For the “Software” topics, five subdivided topics including “Navigation,” “Positioning,” “Perceive,” “Decision,” and “Control” are adopted as shown in Figure 11. Since 2013, the “Control” topic gradually dominates. The “Perceive” topic still has a place while it is hard to find a patent on other topics.

3.4.2. Forecasting of Technological Hotspots

Shibata et al. [36] extracted the commercialization gap between papers and patents and proposed that in the active technical research field, topics that exist in papers but not in patents are considered as technological opportunities. To some extent, technological opportunities can determine technological developments in the future [37]. Therefore, it is critical to identify technological opportunities in order to forecast technology development trends.

Similar to the method proposed in [36], we make a comparative analysis of “Software” topics between papers and in patents. The analysis of “Hardware” topics is not performed due to the low amount of papers. The comparison of the results between papers and patents is presented in Figure 12. As discussed before, for the results of papers, the subtopic “Decision” gradually dominates since 2012. “Control” has a relatively stable proportion, and other topics have very small proportions. However, for the results of patents, “Control” dominates since 2015. The proportion of “Perceive” and “Positioning” is small, and other topics including “Decision” are not observed.

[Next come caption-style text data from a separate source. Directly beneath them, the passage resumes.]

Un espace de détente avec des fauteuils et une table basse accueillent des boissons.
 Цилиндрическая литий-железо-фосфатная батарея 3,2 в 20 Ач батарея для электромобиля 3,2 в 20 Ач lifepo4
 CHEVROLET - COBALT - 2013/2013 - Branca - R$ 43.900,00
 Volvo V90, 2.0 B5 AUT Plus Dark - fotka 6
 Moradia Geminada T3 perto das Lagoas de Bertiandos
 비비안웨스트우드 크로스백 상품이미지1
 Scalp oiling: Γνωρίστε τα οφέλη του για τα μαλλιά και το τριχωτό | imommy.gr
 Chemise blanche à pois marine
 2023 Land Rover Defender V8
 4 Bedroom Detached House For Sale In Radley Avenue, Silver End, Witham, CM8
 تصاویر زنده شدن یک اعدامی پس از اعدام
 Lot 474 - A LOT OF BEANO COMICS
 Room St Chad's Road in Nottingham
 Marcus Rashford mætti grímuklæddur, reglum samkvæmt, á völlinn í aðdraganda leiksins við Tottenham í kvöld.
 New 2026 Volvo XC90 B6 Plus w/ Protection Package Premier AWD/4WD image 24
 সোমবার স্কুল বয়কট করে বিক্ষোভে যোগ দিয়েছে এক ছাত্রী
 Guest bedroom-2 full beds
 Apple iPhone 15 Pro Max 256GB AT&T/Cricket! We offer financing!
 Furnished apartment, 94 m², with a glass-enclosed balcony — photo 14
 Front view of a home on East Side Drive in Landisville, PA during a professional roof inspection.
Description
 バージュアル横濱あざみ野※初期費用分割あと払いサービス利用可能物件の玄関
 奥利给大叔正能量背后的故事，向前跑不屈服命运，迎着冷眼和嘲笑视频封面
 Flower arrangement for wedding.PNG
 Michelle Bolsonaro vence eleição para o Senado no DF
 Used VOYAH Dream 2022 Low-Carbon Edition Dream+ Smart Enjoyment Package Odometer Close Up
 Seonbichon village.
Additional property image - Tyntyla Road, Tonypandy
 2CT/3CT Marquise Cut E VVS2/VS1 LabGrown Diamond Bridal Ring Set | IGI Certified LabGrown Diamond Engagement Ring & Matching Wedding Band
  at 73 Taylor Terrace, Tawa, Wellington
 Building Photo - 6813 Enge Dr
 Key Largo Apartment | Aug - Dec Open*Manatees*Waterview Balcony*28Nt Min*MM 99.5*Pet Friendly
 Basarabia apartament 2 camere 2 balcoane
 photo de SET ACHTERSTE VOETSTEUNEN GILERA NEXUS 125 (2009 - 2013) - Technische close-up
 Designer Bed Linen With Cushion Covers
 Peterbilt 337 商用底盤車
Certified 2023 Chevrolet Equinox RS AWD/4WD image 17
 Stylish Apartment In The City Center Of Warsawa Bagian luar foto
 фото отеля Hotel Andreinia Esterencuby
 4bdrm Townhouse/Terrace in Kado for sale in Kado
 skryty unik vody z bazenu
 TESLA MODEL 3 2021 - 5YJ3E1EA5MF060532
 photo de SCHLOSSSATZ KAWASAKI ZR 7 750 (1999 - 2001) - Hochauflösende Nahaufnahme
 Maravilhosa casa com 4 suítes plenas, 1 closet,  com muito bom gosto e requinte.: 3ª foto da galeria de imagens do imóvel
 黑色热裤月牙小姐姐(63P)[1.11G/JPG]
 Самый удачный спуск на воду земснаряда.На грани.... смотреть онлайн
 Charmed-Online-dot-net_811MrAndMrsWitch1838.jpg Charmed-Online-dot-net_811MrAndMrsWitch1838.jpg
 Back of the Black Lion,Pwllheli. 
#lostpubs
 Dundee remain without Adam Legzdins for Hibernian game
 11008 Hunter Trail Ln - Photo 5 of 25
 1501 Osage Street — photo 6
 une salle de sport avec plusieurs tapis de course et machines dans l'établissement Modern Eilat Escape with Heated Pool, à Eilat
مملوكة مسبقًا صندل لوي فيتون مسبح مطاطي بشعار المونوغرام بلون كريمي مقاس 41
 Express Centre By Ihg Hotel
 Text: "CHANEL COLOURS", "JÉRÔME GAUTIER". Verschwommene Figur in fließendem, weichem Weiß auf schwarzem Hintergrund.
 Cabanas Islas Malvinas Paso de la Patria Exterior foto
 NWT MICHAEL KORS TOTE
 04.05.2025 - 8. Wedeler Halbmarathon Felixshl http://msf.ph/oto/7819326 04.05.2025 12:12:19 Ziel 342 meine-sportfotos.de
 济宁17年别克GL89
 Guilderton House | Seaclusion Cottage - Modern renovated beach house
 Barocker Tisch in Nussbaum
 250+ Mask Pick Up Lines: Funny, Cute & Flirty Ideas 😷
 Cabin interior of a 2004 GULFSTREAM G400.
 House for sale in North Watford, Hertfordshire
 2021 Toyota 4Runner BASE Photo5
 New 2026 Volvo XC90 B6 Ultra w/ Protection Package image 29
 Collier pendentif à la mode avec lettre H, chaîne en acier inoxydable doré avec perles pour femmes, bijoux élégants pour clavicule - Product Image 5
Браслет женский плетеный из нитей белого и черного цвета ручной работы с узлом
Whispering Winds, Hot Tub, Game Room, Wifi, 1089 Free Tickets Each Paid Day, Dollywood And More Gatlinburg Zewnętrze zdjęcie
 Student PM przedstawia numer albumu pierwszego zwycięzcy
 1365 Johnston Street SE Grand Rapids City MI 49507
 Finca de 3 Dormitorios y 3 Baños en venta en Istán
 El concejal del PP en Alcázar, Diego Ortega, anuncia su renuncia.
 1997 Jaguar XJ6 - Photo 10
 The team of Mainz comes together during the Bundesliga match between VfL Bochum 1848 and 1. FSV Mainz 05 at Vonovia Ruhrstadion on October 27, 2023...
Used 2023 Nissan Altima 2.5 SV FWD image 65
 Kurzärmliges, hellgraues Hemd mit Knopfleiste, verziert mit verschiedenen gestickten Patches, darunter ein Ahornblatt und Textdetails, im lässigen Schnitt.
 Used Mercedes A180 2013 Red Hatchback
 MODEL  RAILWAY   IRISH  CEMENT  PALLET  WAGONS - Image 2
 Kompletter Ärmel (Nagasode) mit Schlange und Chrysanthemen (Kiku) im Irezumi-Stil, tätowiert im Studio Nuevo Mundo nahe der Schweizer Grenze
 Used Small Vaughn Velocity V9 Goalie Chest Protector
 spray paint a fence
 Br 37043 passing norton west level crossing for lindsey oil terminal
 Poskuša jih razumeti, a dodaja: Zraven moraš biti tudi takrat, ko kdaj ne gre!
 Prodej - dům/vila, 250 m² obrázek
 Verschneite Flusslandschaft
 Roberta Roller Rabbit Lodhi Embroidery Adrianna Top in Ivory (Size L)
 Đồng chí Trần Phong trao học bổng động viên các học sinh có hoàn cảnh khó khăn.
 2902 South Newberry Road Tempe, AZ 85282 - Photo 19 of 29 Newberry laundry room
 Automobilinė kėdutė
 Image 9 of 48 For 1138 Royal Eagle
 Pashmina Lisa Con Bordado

With the above findings, the following conclusions are drawn. (1) Technology on “Control” is basically mature, and research on the topic is mainly about production realization. (2) The proportion of “Perceive” and “Positioning” will be small in the future. (3) Scientific research on “Decision” is still undergoing. It will be a hotspot when the relevant algorithms are mature.

4. Conclusions

In this paper, a technology forecasting model is developed and used to forecast the development trends of self-driving technology in China. To improve efficiency and accuracy, topic-based text mining and expert judgment approaches are combined to forecast technology trends. Multidimensional information including scientific papers, patents, and industry data ranging from 2002 to 2019 is considered to improve the reliability of the results. The findings are listed as follows:(1)Research on self-driving technology including papers and patents is in the explosive growth stage, and commercialization of self-driving technology is still in the early stage. The investment amount is significantly influenced by the government’s policy.(2)With the hierarchical structure of self-driving technology, it is observed that “Software” topics dominate in papers while a more balanced development in software and hardware is obtained in patents.(3)The topic “Decision” dominates in “Software” topics of papers. For patents, subtopics about “Control” dominate in both the “Software” and “Hardware” topics. A time lag phenomenon is observed between papers and patents.(4)We speculate that technology on “Decision” will be the next hotspot in patents.

Data Availability

The data used to support this study are included within the article and are available from the corresponding author upon request.

Conflicts of Interest

The authors declare that they have no conflicts of interest.

Acknowledgments

This research was funded by the National Natural Science Foundation of China (No. 71704036); the Harbin University of Science and Technology's 2019 “Science and Engineering Talents” Program Outstanding Young Talent Project (2019-KYYWF-0216); and the Harbin University of Science and Technology School of Economics and Management “Double First Class” Discipline Construction High-Level Cultivation Project (KY202013C).